No. 6: Augustus Fink Nottle
Thankfully the dog has an easier-to-pronounce call name, but know this: Gus is a beast. He was whelped and trained by Blue Cypress Kennels’ Callum Macgregor and is the first British lab bred in America, born in America, and trained in America to return to his native UK and win field trials. No other British lab from any other American breeder has accomplished that lofty goal. And Gus did it when he was 18-months old.
No. 7-8: Hank and Dash
Some dogs are just made for the big screen, and Dez Young’s Llewellin setters Hank and Dash were two such pups. Born in 1992, Hank made his first film appearance on a Montana bird hunt that debuted on the Outdoor Life Network television show in 1996. Hunters followed Dez and Hank for six seasons and across the country from Alaska to Florida and all points in between. They took us on trips in our own local spots just as easily as they showed us about hunts that were on our bucket list.
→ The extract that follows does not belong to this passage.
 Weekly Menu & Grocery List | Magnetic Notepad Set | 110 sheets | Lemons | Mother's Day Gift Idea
Hank retired from filming, and his son Dash came on board in a new series called Dash in the Uplands. Dash made his first appearance at a young 9-months of age, and his role grew for five seasons. While many would think chronicling bird hunts from ptarmigan to woodcock to be a dream job, the filming is quite difficult. Settings, lighting, and the unpredictability of wild birds makes filming a chore, but Young and videographer Bob Corley were superb. They were so good that they won a number of awards including a staggering 19 TELLY awards.
No. 9: Stetson
In the Gordon setter world, dogs that win hunt tests and field trials and become show champions are crowned Dual Champions. These frequently overlooked black-and-tan setters must compete at the highest hunting levels so that they are named field trial champions. Instead of taking a break, they then need to compete in the show circuit, under a completely different set of requirements, and win.
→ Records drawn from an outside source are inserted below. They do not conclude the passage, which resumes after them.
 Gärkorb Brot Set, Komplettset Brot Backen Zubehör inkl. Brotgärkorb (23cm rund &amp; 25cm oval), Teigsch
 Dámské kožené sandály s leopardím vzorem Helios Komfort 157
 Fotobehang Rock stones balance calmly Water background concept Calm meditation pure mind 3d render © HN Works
Is it common for Gordons to hunt in a lights-out manner and they win enough stylistic points to be crowned a winner? Sure, for prior to Stetson, 43 Gordons had won Dual Championships. But here is where Stetson differs from his predecessors. Stetson was so stunningly good looking that the Scandinavia Gordon Setter Club honored him with the award for being the ideal dog of the breed. Advancing the breed is a baseline of the world of hunting dog breeding, and Stetson was selected to sire many litters in both America and in Europe. While dog breeding is never an exact science, litters with Stetson’s genetics are among the most coveted for good reason.
No. 10-11: Him and Her
Who’d name a male beagle Him and a female beagle Her? The late President Lyndon Johnson, that’s who. Him and Her were whelped in June 1963, and accompanied the president on walks, in meetings and on hunts. But Johnson was called out by the American Society for the Prevention of the Cruelty to Animals when he lifted Him to his haunches to get him to bay. It didn’t matter that LBJ bayed along with his pup, the ASPCA pounced on him. The president apologized by explaining that it was common for rabbit hunters to tug a beagle’s ears to tune their voices before a hunt. Johnson bred Him to a dam and kept two beagles from that litter, and he received another beagle from FBI director J. Edgar Hoover. Johnson named that hound J. Edgar but shortened it to Edgar. Maybe the other Edgar knows where Jimmy Hoffa is buried?
Theirs is a dog’s life, it really is. Hunting hard, having fun and success, and doing what they were bred to do. And when you think about it that way, a dog’s life isn’t so bad.